◆ DATA FOR THIS TASK

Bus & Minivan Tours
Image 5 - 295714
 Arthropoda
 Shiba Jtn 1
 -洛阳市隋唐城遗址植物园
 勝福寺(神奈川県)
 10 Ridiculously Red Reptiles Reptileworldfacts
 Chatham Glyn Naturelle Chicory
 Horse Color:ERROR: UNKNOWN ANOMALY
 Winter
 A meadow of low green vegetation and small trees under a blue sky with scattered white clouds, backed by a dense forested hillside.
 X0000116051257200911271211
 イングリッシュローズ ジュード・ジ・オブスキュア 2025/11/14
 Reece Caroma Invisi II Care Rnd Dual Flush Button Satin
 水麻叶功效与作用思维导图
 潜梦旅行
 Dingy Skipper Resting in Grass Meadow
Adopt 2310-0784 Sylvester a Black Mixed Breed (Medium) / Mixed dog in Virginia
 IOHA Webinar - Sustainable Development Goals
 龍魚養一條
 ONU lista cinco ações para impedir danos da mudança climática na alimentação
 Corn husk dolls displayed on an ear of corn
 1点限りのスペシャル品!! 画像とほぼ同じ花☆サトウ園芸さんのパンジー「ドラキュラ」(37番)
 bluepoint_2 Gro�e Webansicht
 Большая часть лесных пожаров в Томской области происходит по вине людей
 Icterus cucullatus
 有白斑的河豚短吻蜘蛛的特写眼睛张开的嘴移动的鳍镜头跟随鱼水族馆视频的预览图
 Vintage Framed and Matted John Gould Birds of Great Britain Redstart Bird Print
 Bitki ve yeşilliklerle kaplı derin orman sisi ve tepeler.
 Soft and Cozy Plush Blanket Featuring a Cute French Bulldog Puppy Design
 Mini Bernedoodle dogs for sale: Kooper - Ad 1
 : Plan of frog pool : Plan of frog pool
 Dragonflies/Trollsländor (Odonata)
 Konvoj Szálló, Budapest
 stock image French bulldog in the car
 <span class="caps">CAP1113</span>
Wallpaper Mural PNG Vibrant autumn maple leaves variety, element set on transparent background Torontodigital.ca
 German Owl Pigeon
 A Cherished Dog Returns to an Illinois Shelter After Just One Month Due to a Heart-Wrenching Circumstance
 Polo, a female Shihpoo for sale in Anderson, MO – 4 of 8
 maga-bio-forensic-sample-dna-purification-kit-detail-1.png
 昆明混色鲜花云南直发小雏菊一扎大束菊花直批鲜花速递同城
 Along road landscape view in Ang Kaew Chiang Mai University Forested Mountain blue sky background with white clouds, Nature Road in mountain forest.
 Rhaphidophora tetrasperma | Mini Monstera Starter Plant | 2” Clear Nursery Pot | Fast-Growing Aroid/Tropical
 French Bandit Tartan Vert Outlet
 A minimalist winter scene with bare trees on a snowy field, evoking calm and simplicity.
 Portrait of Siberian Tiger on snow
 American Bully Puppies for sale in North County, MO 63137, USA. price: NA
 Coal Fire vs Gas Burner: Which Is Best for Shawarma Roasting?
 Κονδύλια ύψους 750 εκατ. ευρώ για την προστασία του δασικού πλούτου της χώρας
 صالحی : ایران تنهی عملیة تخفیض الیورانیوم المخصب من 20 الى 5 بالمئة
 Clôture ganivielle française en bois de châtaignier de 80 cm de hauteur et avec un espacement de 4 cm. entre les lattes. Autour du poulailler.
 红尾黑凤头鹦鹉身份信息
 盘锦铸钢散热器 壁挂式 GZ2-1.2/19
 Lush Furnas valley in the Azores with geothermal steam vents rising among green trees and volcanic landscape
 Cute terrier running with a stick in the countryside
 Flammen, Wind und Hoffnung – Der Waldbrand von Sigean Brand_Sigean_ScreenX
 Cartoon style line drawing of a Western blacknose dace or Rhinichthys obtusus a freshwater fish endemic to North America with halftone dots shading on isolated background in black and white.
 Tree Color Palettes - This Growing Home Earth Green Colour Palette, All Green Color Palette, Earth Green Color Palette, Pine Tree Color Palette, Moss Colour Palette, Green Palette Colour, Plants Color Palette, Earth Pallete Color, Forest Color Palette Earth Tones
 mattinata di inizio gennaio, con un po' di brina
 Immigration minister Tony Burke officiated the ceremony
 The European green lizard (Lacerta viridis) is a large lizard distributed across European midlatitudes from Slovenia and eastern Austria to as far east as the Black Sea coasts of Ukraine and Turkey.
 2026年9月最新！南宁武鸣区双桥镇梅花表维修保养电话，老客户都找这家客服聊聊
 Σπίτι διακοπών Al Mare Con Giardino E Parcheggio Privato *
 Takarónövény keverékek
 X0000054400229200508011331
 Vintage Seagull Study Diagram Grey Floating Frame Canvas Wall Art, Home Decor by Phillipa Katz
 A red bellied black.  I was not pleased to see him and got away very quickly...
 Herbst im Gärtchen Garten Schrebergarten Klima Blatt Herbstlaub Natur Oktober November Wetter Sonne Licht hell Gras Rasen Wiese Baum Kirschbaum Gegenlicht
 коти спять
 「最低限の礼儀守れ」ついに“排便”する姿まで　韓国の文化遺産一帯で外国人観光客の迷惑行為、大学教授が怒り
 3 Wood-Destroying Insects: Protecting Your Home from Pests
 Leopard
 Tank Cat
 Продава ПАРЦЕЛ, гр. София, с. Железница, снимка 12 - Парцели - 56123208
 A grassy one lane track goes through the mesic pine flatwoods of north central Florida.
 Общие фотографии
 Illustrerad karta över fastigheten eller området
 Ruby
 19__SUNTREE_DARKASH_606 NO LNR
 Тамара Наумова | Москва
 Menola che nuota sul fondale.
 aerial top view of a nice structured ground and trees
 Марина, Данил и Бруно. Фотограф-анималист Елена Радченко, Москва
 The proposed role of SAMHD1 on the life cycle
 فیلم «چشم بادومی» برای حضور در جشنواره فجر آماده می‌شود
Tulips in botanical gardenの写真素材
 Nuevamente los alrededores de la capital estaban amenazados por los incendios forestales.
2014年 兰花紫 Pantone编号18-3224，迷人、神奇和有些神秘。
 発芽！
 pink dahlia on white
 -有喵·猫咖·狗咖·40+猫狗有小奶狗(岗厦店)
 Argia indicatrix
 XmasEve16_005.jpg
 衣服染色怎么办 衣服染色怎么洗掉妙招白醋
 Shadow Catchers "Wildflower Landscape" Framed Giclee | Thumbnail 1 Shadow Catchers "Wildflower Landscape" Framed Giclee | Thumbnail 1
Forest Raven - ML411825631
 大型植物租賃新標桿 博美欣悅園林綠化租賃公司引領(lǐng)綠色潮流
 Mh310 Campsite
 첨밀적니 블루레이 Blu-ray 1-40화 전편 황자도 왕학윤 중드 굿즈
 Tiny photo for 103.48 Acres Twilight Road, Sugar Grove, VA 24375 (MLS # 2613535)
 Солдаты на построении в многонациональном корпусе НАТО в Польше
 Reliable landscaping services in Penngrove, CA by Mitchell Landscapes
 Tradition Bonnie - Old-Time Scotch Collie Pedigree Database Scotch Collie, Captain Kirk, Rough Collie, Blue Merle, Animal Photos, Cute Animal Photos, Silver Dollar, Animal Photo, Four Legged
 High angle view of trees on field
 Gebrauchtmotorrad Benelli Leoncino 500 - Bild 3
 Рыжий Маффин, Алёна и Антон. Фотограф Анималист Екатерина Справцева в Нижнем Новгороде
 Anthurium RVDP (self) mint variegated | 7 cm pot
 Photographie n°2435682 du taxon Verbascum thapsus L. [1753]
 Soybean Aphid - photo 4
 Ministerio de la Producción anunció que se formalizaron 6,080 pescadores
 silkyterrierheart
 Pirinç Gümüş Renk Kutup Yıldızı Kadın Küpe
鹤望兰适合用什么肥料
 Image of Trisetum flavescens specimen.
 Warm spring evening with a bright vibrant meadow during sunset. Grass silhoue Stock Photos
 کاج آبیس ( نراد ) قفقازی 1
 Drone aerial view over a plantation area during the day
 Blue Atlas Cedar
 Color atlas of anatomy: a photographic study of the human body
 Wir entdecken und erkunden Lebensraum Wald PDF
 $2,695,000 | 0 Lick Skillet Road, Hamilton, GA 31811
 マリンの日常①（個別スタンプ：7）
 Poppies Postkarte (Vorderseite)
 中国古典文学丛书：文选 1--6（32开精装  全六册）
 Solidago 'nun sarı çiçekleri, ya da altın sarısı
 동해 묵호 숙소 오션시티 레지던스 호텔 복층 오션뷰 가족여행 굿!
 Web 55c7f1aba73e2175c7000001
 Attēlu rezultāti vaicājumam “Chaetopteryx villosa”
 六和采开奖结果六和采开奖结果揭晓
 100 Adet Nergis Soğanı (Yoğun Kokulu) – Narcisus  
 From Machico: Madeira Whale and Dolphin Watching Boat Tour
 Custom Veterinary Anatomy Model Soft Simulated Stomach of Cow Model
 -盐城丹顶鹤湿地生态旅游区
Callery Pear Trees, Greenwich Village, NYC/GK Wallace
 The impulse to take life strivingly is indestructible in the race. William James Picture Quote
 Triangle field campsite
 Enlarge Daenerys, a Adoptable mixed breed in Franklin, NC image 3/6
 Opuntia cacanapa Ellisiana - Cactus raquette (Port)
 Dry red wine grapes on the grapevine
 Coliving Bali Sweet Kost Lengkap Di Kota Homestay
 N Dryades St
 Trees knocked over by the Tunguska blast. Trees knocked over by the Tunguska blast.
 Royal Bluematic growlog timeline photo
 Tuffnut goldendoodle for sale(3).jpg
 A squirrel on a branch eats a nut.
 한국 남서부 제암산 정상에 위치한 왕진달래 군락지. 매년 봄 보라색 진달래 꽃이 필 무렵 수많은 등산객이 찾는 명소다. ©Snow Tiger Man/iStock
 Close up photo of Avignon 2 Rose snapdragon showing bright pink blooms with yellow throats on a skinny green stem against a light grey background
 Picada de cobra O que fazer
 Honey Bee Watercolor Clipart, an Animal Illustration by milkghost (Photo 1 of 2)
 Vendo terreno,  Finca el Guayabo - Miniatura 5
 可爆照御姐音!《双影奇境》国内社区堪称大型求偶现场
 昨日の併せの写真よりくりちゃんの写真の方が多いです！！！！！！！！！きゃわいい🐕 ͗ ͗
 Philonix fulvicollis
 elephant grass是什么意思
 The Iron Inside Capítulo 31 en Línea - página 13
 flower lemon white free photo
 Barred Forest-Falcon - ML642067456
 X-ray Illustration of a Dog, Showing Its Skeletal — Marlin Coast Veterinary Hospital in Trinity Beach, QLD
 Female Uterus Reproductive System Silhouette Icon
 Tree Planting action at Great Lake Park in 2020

◆ INSTRUCTIONS TO FOLLOW
Return every line of the material in which the word "Animal" is found.

◆ RESPONSE TO THE TASK
 Tradition Bonnie - Old-Time Scotch Collie Pedigree Database Scotch Collie, Captain Kirk, Rough Collie, Blue Merle, Animal Photos, Cute Animal Photos, Silver Dollar, Animal Photo, Four Legged
 Honey Bee Watercolor Clipart, an Animal Illustration by milkghost (Photo 1 of 2)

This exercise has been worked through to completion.